By Sam Le
Northwest Asian Weekly
All across the world, including in the Pacific Northwest, Vietnamese communities gather together to celebrate Tết, otherwise known as Vietnamese Lunar New Year. Through the bright red decorations, baskets full of fruits, and giving of lucky money, people wish each other prosperity and goodwill for the upcoming year.
“There are many reasons why Tết is so important to the Vietnamese people. For some, it is a celebration of the new hope and freshness of spring. For others, it is the excitement of turning a year older with everyone else. But for all Vietnamese, it is about connecting and hanging out with friends and family and overindulging in the food and sweets,” shared Dr. Tam Dinh, Commissioner of the Washington State Commission on Asian American Affairs.
As one approaches the celebrations, the presence of traditional Tết dishes is widely observed, with the two most common, bánh tét and bánh chưng.

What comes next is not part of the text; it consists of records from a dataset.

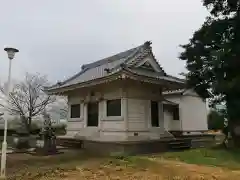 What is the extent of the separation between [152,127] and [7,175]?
24.0 feet

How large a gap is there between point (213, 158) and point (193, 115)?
12438 millimetres

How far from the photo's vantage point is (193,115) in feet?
71.9

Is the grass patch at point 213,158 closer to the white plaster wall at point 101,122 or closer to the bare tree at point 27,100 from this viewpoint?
the white plaster wall at point 101,122

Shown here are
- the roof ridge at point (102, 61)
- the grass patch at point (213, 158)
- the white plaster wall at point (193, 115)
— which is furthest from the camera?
the white plaster wall at point (193, 115)

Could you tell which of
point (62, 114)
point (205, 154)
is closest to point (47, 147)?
point (205, 154)

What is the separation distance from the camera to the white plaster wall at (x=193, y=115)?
21172 millimetres

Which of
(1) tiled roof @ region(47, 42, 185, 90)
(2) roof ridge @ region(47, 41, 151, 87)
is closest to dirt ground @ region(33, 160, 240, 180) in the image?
(1) tiled roof @ region(47, 42, 185, 90)

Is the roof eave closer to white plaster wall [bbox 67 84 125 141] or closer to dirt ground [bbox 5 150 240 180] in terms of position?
white plaster wall [bbox 67 84 125 141]

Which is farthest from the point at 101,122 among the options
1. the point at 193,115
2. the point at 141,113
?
Answer: the point at 193,115

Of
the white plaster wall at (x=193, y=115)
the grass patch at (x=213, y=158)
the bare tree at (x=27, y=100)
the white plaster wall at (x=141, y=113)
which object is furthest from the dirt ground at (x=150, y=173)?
the bare tree at (x=27, y=100)

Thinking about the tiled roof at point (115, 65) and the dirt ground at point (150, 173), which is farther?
the tiled roof at point (115, 65)

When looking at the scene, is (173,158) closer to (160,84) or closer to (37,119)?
(160,84)

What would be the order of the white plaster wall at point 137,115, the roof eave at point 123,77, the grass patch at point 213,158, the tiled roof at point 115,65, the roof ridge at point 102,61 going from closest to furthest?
the grass patch at point 213,158 < the roof eave at point 123,77 < the white plaster wall at point 137,115 < the tiled roof at point 115,65 < the roof ridge at point 102,61

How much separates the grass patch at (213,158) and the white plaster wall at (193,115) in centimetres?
1012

“We always have bánh tét and bánh chưng, every new year. My grandma used to make them every year, it takes time to make them,” shares Chau Huynh, a community member of the Vietnamese community in Everett. Mrs. Huynh shared that her household stocks up annually on these traditional treats, as her children enjoy it so much.
According to Vietnamese folklore, bánh chưng has its origins when the sixth Hung King holds a cooking competition among his 20 sons, in order to pick an heir. Lang Lieu, the king’s 18th son, presented bánh chưng— amid the other more elaborate and exotic dishes. It humbly focuses on the simplicity of sticky rice stuffed with pork and buttery beans formed into the shape of a square. Bánh tét follows suit, only differing in the shape of the dish, being round and stretched out. For what they lack in complexity of ingredients, they made up in meaning.

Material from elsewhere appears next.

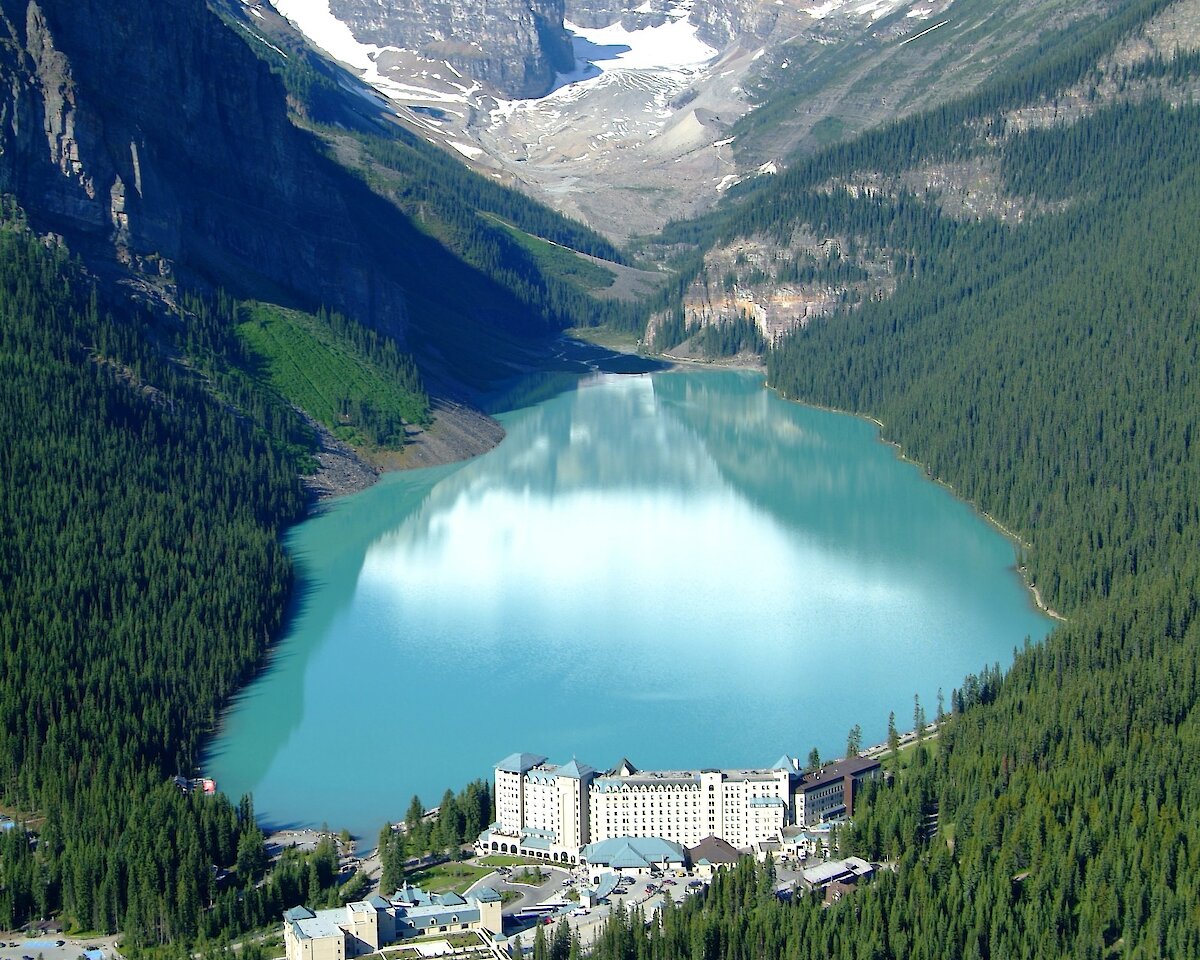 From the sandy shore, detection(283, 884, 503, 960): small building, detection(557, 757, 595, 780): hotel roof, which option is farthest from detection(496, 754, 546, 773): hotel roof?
the sandy shore

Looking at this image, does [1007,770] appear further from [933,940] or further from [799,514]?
[799,514]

“Bánh tét and bánh chưng represent the sky and earth. The ingredients are simple, but it takes a long time to make. Nowadays, they are sold at stores and people buy them instead of making it,” said Huynh.

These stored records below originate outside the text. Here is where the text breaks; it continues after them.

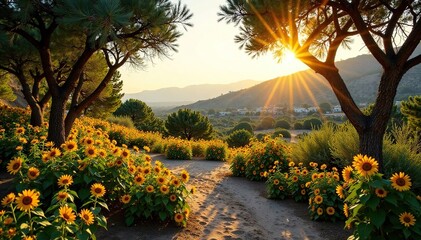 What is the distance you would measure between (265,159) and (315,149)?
1333 millimetres

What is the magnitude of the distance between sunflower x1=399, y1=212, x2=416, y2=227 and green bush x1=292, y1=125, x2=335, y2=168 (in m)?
5.33

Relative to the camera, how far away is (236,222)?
508cm

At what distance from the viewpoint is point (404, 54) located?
19.0 feet

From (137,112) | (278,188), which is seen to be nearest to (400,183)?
(278,188)

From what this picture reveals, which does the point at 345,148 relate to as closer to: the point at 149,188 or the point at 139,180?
the point at 149,188

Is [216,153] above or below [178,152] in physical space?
below

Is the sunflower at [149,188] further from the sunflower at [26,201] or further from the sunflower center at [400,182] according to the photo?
the sunflower center at [400,182]

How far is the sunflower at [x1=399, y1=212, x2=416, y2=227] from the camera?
8.65 ft

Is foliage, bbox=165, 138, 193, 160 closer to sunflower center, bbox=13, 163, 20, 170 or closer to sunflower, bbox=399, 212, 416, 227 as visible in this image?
sunflower center, bbox=13, 163, 20, 170

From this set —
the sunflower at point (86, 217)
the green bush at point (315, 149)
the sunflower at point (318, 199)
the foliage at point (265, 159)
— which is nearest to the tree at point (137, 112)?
the foliage at point (265, 159)

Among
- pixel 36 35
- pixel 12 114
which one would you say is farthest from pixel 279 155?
pixel 12 114

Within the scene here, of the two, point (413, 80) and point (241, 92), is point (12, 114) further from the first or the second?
point (241, 92)

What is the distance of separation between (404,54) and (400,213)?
13.4 feet

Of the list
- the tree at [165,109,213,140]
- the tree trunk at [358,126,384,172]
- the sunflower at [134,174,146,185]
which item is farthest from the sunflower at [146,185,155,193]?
the tree at [165,109,213,140] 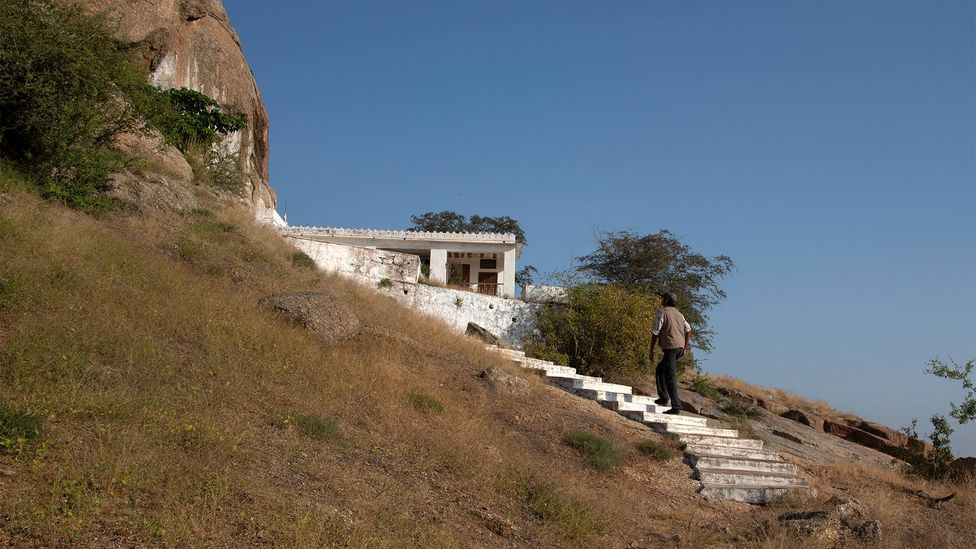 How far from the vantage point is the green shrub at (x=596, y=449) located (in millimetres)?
8422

Both cakes are most commonly sold at Vietnamese stores during Tết, but can also be found at many community and religious gatherings and celebrations throughout the year. Annually, Tết in Seattle has shared the story of Tết to thousands during its annual celebration at the Seattle Center, where both bánh tét and bánh chưng are featured.
Also, at Tết in Seattle, local Vietnamese restaurants come out to sell their favorite Tết food. Julia Le, a TIS Planning Committee Member, shared, “One thing is that our culture always focuses on food and family. Food brings everyone to the table and give space for the family to come together. Bánh tét and banh chưng were shared and featured during this year’s eating competition. We also have many vendors share a variety of food.”
Phở Bắc Súp Shop and Buns and Baos were two of the vendors featured this year. Phở Bắc Súp Shop offered everyone’s favorite pho and Buns and Bao offered a fusion twist cuisine for the audiences in attendance. With the wide variety of cuisines, Tết in Seattle provides a space where all families and communities can share a meal and learn about the Vietnamese culture.
“Love is often shown through food in the Vietnamese culture. Therefore an abundance of food is placed as an offering at the altars of beloved ancestors and generously offered to visiting relatives and friends come bearing gifts and paying their respects. Tết is a time of hope, joy, and love. A happy time that Vietnamese hope will carry throughout the year,” shared Dr. Dinh, on the emphasis of food during Tét.
Tết holds significant value within Vietnamese communities. As celebrations happen world-wide, the tale of bánh tét and bánh chưng continue to live on as families come together.